DC: What’s great is this is sort of his return too. I actually was able to get Colin in a film that I did many years ago on HBO called Rebound: The Legend of Earl “The Goat” Manigault. They needed someone to be a younger me who could play basketball. And I said, “Well, my brother!” And they were like, “Yeah, we’re gonna hire your brother…” I said, “Well, audition him. Don’t just take my word for it. Audition him!” And he got the part on his own skills. So it’s good to be able to get to bring him back many years later to do it again.

Casting a humorous eye upon the idea of real and fake – it’s certainly an interesting time to be doing that in America. What grabbed you about the treatment for this particular ad?

DC: I think the concept was really fun and interesting. And, again, a way to skewer all of that stuff that we’re talking about: What’s real? What’s not real? Who’s the arbiter of all that stuff? We’re not taking ourselves super seriously. It’s a Super Bowl commercial to have a laugh on “my boat.” So it’s all in there.

From Boogie Nights to Hotel Rwanda, TV to film, your resume is so diverse. Especially this far along, how important is it for you, creatively, to maintain that type of diversity in your work?

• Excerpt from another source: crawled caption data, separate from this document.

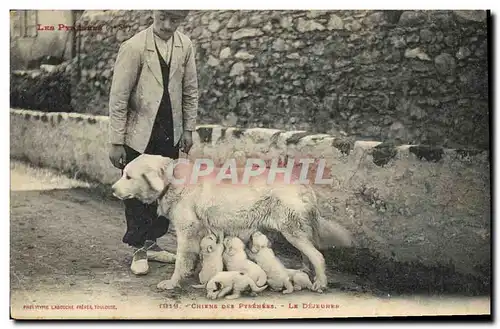 Ansichtskarte AK Chiens des Pyrenees le dejeuner Chien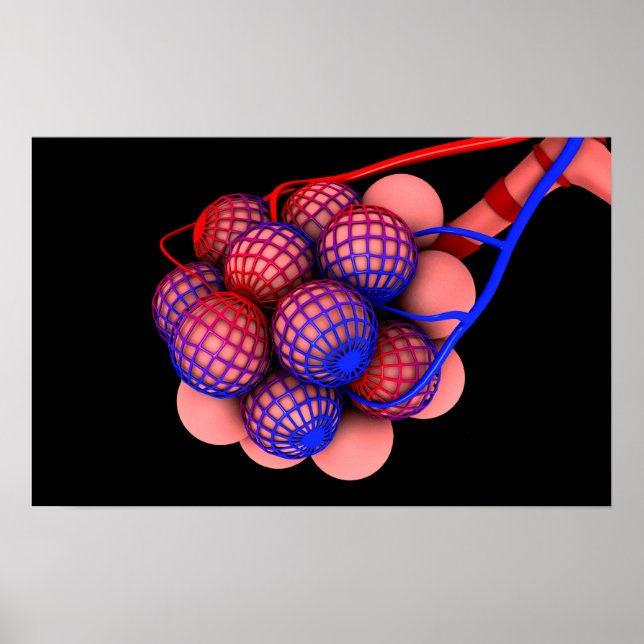 Conceptual Image Of Alveoli 1 Poster (Front)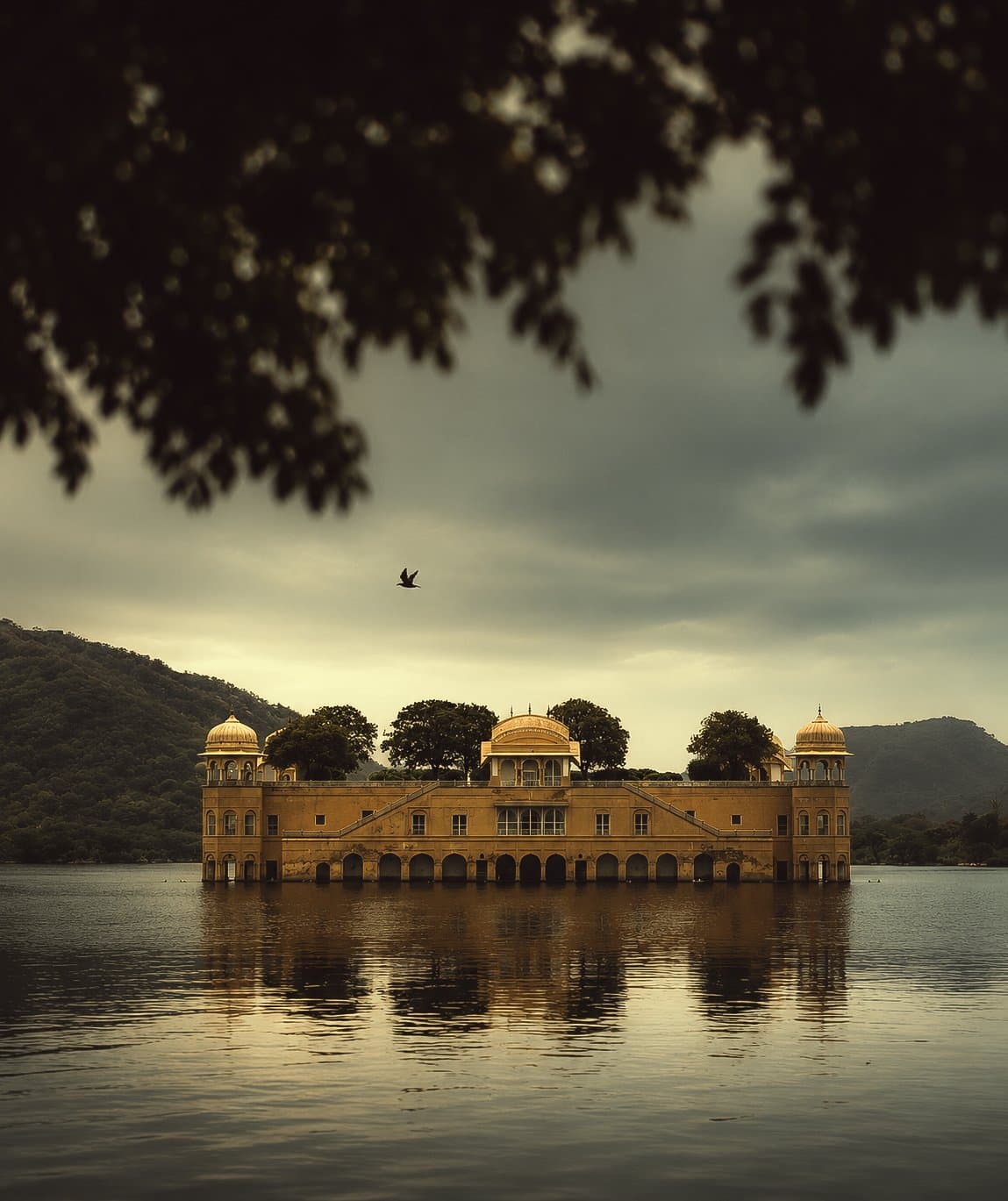 Jal Mahal · Jaipur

DC: For me, it’s always been about what’s interesting and what’s cool. I’m pretty platform agnostic. I want to go where I think the work is fun and challenging and going to bring something to me – and, hopefully, I can bring something to it. And just keep expanding the resume – to do as many different things as I can. 

That’s one of the great things that this career affords actors the possibility to do, which is to inhabit a lot of different characters and tap into a lot of different aspects of not only yourself but things that you want to talk about that are in the world and in the zeitgeist – and hopefully be a part of those conversations and sometimes move those conversations.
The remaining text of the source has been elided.